Making science fiction history probably wasn’t something Wilson Cruz believed he’d do someday, but now, in his role as Dr. Hugh Culber on Star Trek: Discovery, he’s gone from being a great actor to legend. Despite being lauded for its political progressiveness, Star Trek never featured regular gay characters in recurring roles until Discovery. Sure, 2016 established Sulu (John Cho) of Star Trek Beyond had a husband, but there wasn’t really much of a relationship depicted. In terms of actual progress, it was good, but not great.
Culber and Statmets on Discovery, on the other hand, are a real couple and their relationship actually impacts the plot specifically. These two function as characters in the world of Discovery first and foremost, which allows their relationship to avoid the trap of tokenism.
But now, Discovery’s greatest love story has been shaken-up. If you’ve seen the latest episode — “Despite Yourself,” — then you know something happens to Dr. Culber that makes it seem like the show is dropping the most progressive relationship the franchise has had in years. But, Inverse caught up with the former Rent and My So-Called Life star to figure out what his future in the Final Frontier will really be like. Wilson Cruz didn’t disappoint, and if you’re worried the show has lost its best romance, the actor has a big bomb to drop. Dr. Culber will be back.
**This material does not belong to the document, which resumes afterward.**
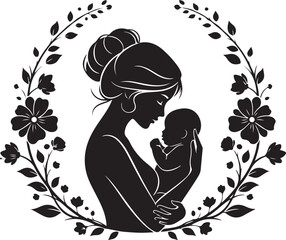 Obraz premium Mother’s Love Moments Silhouette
Spoilers ahead for Star Trek: Discovery episode 10, “Despite Yourself.”
Dr. Culber has a lot of patience with difficult people. Is that something that is true of you in real life?
I like to think so! I do think that Dr. Culber cornered the market on patience. And he learned patience from being in a relationship with a genius who talks about things endlessly. I think Dr. Culber is fascinated by Stamets’s work. But yes, he is patient, I also think that any good doctor is a good listener and is a bit of a detective. I wanted Dr. Culber to be that. He actively listens and goes from there. He’s measured and a genius in his own right. He’s the smartest person in every room except when Paul is there.
How did you approach Culber standing up to Lorca in this episode?
If we go back to the very beginning when we first meet Dr. Culber, there is some tension already there between those two. And a lot of stems from the fact that, you know, I came onto this ship to do science. You know, I’m a scientist, it’s a science vessel. I didn’t come here to engage in a war. And I definitely didn’t come here to put my partner in danger in the process. I don’t see a lot of concern from Lorca in regards to Paul. I’m seeing my partner put himself in danger every time we make a jump. So, I feel like I’m the only one who is really concerned. And so Lorca seems to be the obstacle to me protecting Paul. And now that Paul is in a coma and is paying a physical price for what Captain Lorca has put him through, I think that’s when Dr. Culber finally has had enough and feels free to say what he really feels. I found it invigorating.
Will we ever get to a real future that’s like Star Trek where a relationship between two men is a given and not necessarily a symbol? Do you think that that’s part of what you’re doing with Culber with other characters you’ve played in your career?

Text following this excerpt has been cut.